GiftTRAP Success Story

Submitted by Dmitri Davydov on Thu, 2007-12-06 12:06.
Posted in:

Kelowna entrepreneur Nick Kellet is hoping that his successful board game is the gift that keeps on giving.

And the 44-year-old hopes next year will see him break even on his investment of between $150,000 and $200,000 on GiftTRAP.

"I was trying to think of board games and my daughter Freya, who was six at the time, asked, 'How does Santa decide what to give children?'" Kellet said yesterday.

"It was like, 'Wow, that's a brilliant idea.' I did some research and I discovered there wasn't a single game about giving gifts."

That was four years ago and the game, which sells for $29.99, was launched in October last year.

Since then, 10,000 sets of the game have been sold worldwide.

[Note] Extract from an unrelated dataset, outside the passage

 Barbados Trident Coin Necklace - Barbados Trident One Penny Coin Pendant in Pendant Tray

GiftTRAP recently got a boost when it was named Best New Party Game of the Year by Games Magazine, and it should be in Chapters bookstores in time for Christmas, said Kellet.

"Since man got out of caves and first created some surplus through ploughing fields and making stuff, we have been giving gifts," laughed Kellet. "But why is gift-giving such a trauma?"

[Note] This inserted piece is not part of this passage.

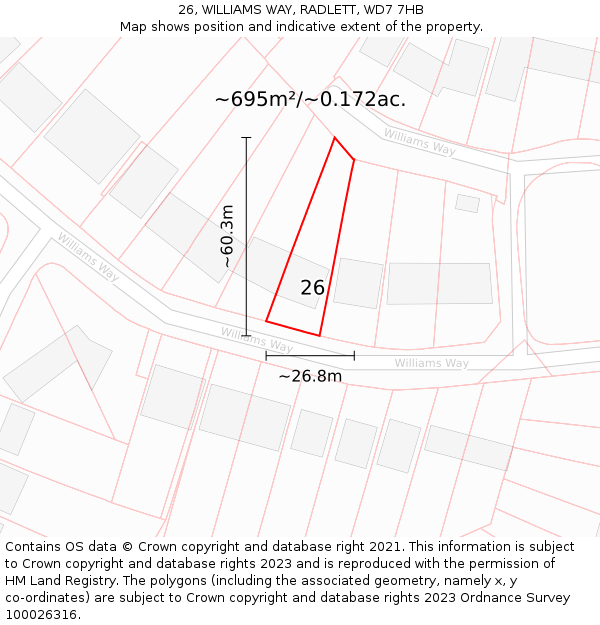 26, WILLIAMS WAY, RADLETT, WD7 7HB: Plot and title map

The problem is trying to pick the right gift for someone.

Then there are those gifts that people don't want.

"You have to open them and practise your best fake smile and say, 'That's lovely, Grandma. Thanks very much for the tie.' "

Kellet says his research shows that 35 per cent of gifts people receive are "unwanted and unloved."

"When you play this game you have a lifetime's pent-up frustration of bad gift-giving coming out," he said. "You win by being good at giving gifts and by getting given the right gifts."

Kellet hails from England and board games were a childhood passion.

By the time he was a teenager, he was having meetings with representatives for U.S. games giant Milton Bradley, pitching board games based on business, balancing and dieting.

"It was, 'Nice try, no cigar,'" said Kellet, who lives in Kelowna with his wife, Julie, and three daughters.

He became a high-tech entrepreneur and moved to Vancouver after selling his company in 1999 to Business Objects.

He worked for Business Objects as vice-president of new initiatives until last November when GiftTRAP started to take off.

Kellet says 11,000 more games have now been manufactured and the bulk of those have been pre-sold.

"For next year, we have already got deals in place to publish this in Norway, Sweden, Finland, Denmark, Portugal and Spain," he said.

He has distributors in Canada, the U.S., France, Germany and England.

"The world is cluttered and crowded with trivia games, but there aren't any other gift-giving games," he said. "Got a review from someone in Norway saying that this was the best game they've played since Cranium."

And Kellet said the gamer website, where GiftTRAP got an average rating of 6.9 out of 10, put it in the top 20 of party games of all time.

"There are 1,000 new games launched every year," he added. "So to get this far is a pretty good achievement."